MATERIAL FOR THIS EXERCISE Start Marker
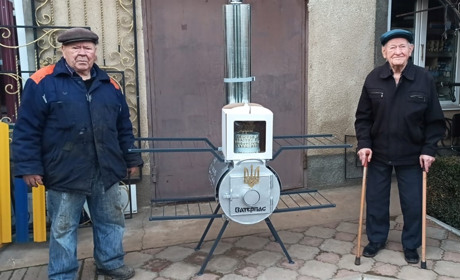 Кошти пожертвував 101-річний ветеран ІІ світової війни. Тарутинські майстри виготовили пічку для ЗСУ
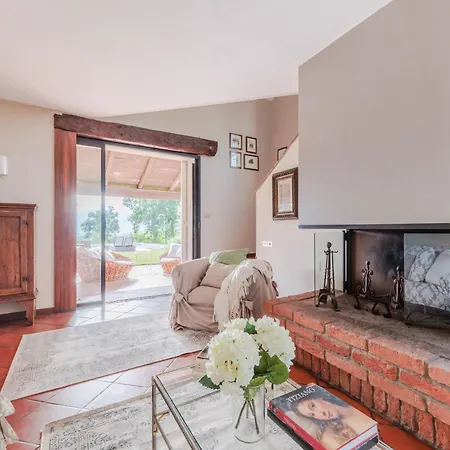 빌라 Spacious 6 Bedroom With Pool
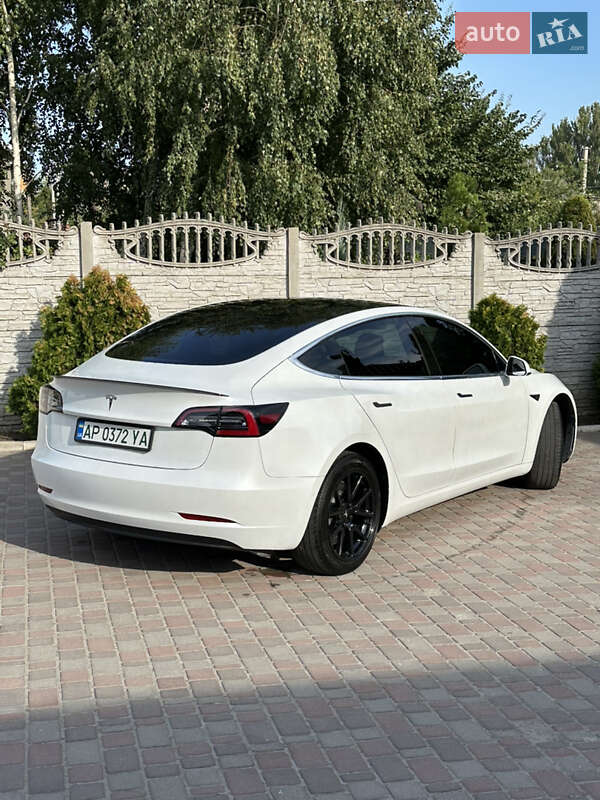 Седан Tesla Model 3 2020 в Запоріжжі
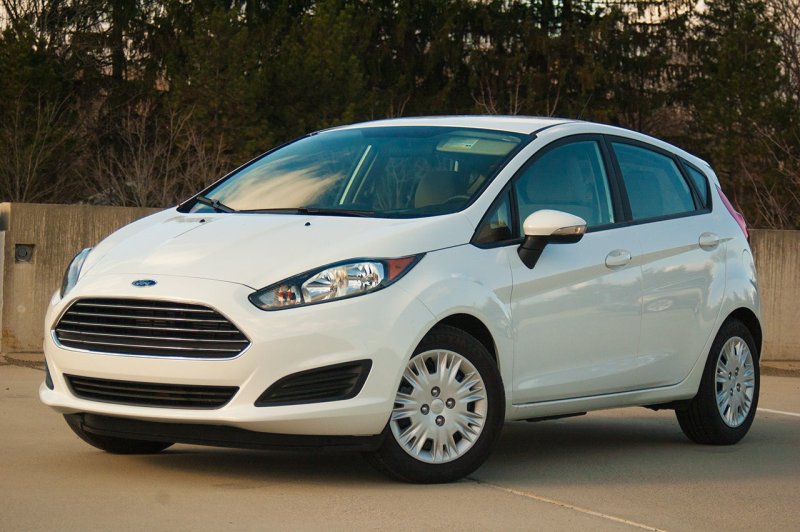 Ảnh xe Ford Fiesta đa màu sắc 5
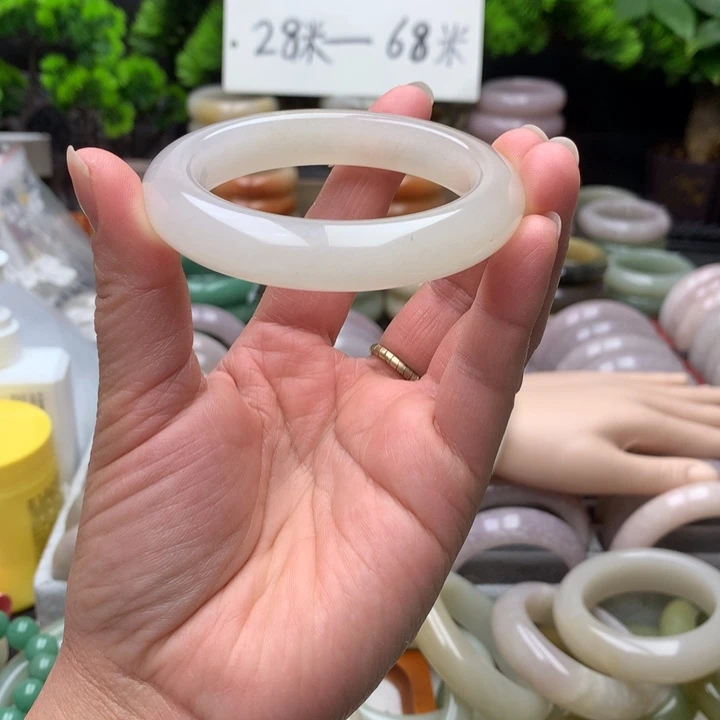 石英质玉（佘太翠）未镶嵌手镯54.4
MATERIAL FOR THIS EXERCISE End Marker
From the line containing "빌라 Spacious 6 Bedroom With Pool" through the last line of the entries, copy each line exactly and only those, skipping all pictures.

 빌라 Spacious 6 Bedroom With Pool
 Седан Tesla Model 3 2020 в Запоріжжі
 Ảnh xe Ford Fiesta đa màu sắc 5
 石英质玉（佘太翠）未镶嵌手镯54.4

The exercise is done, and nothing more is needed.